Exercise:
Look through the entries below for the line with "Un bambino che" and the line with "Vacker kvinna med", then give again exactly those two lines and all lines between them, minus the pictures.

Dataset content:
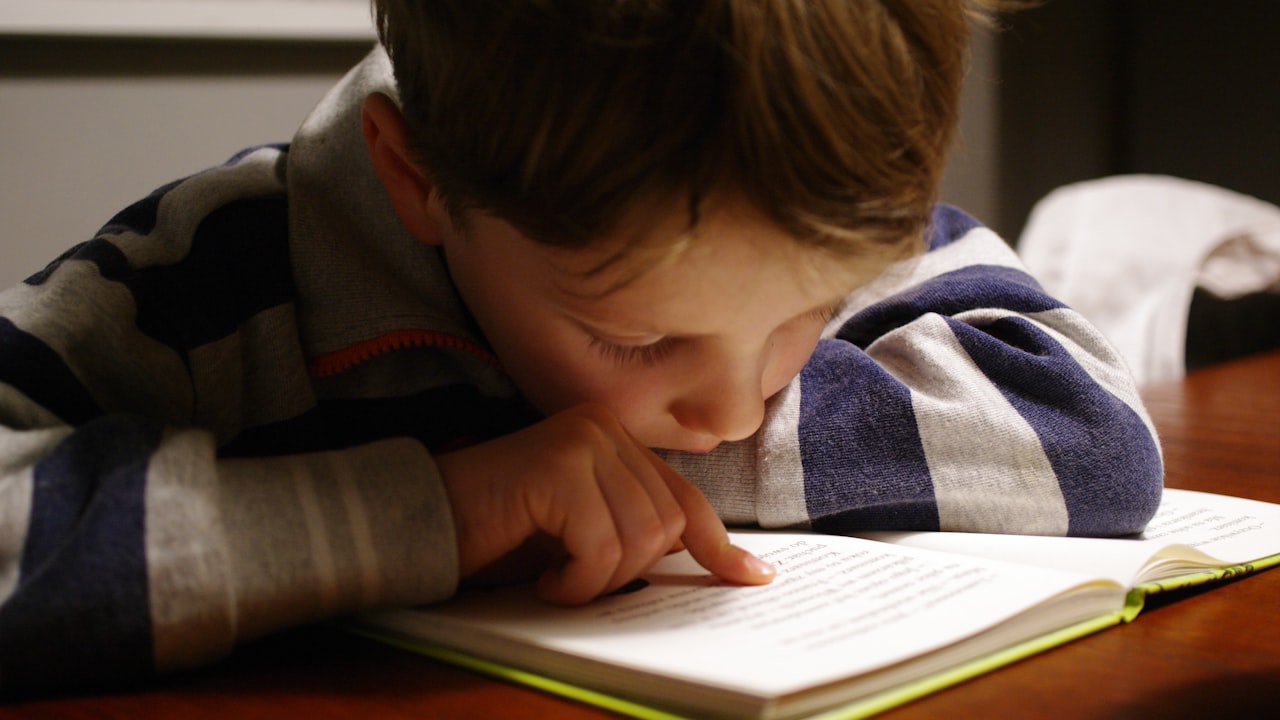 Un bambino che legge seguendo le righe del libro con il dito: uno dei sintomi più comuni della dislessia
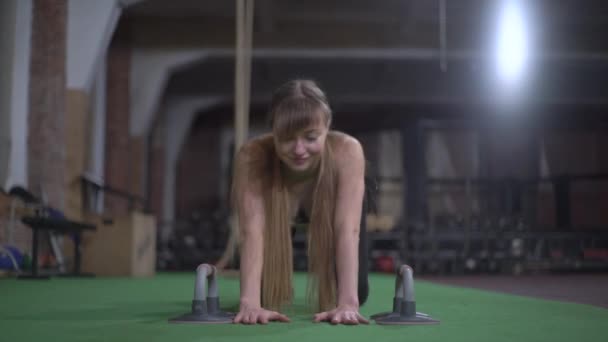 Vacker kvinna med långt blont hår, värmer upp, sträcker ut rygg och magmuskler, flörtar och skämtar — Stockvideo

...

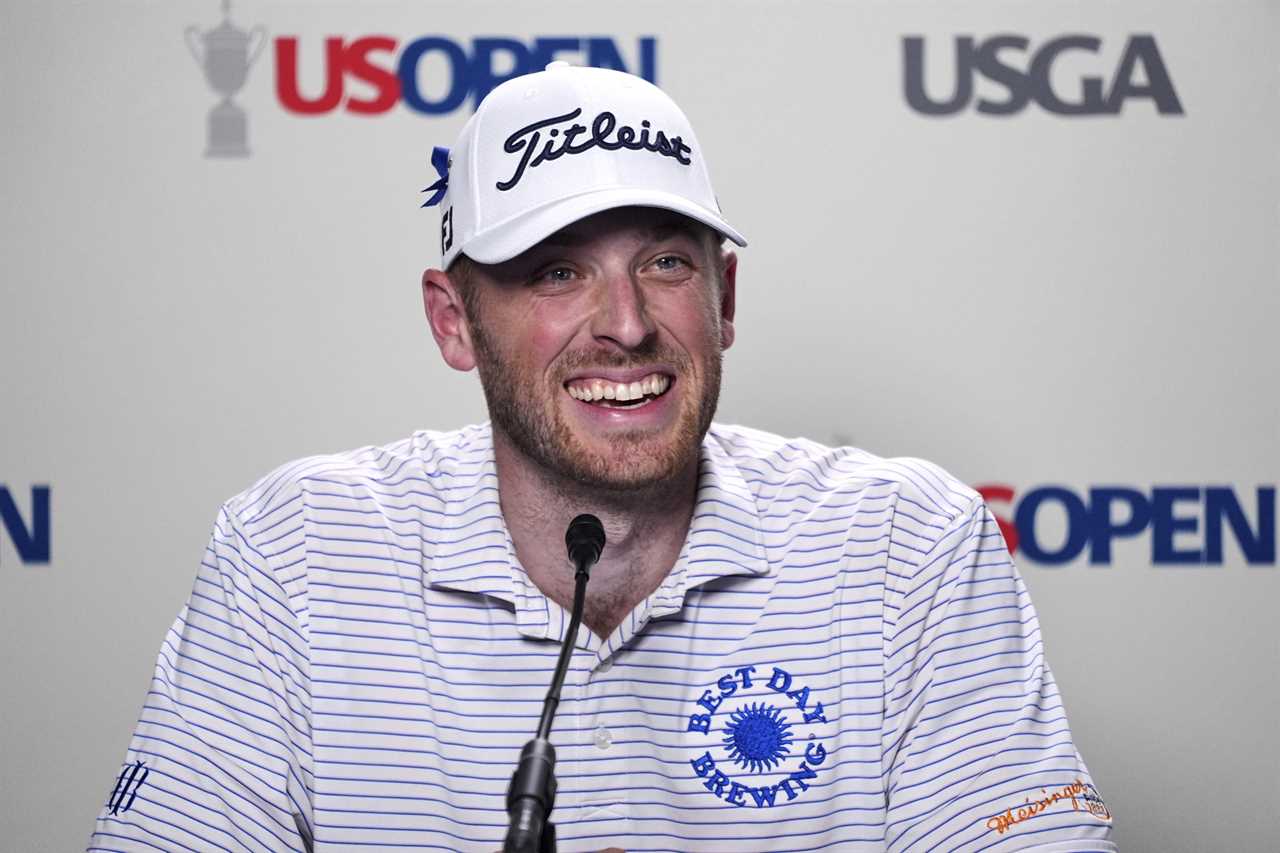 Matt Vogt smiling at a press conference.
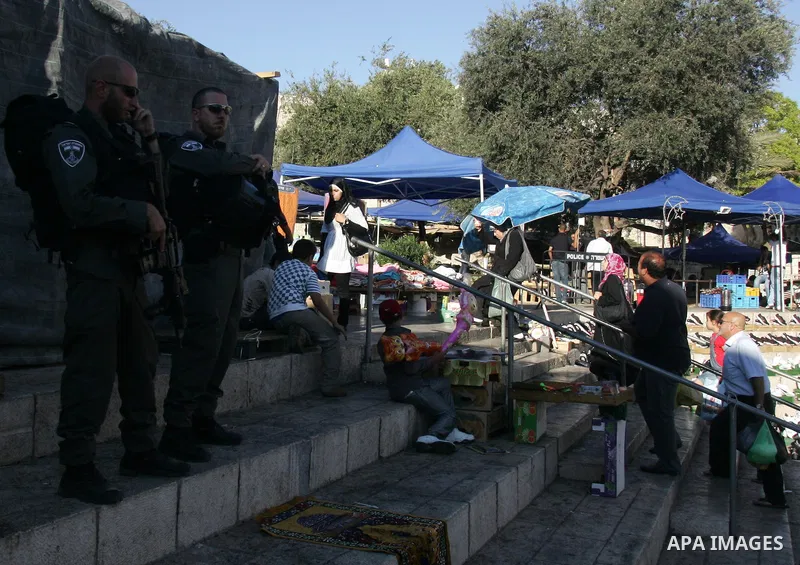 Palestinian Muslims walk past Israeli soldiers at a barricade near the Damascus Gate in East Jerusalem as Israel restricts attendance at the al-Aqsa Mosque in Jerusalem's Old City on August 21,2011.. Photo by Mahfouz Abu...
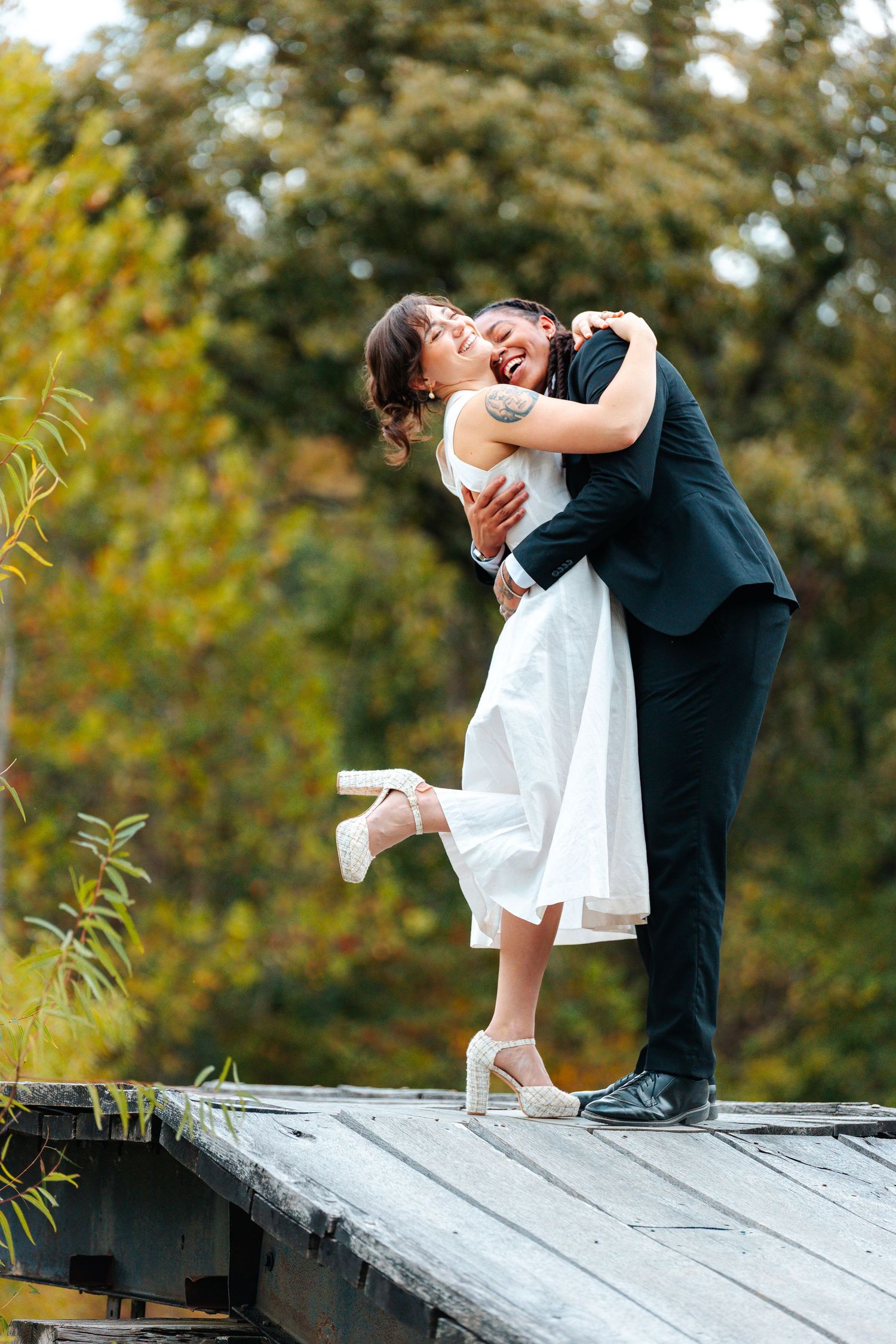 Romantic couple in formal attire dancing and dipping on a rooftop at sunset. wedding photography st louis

The answer:
 Un bambino che legge seguendo le righe del libro con il dito: uno dei sintomi più comuni della dislessia
 Vacker kvinna med långt blont hår, värmer upp, sträcker ut rygg och magmuskler, flörtar och skämtar — Stockvideo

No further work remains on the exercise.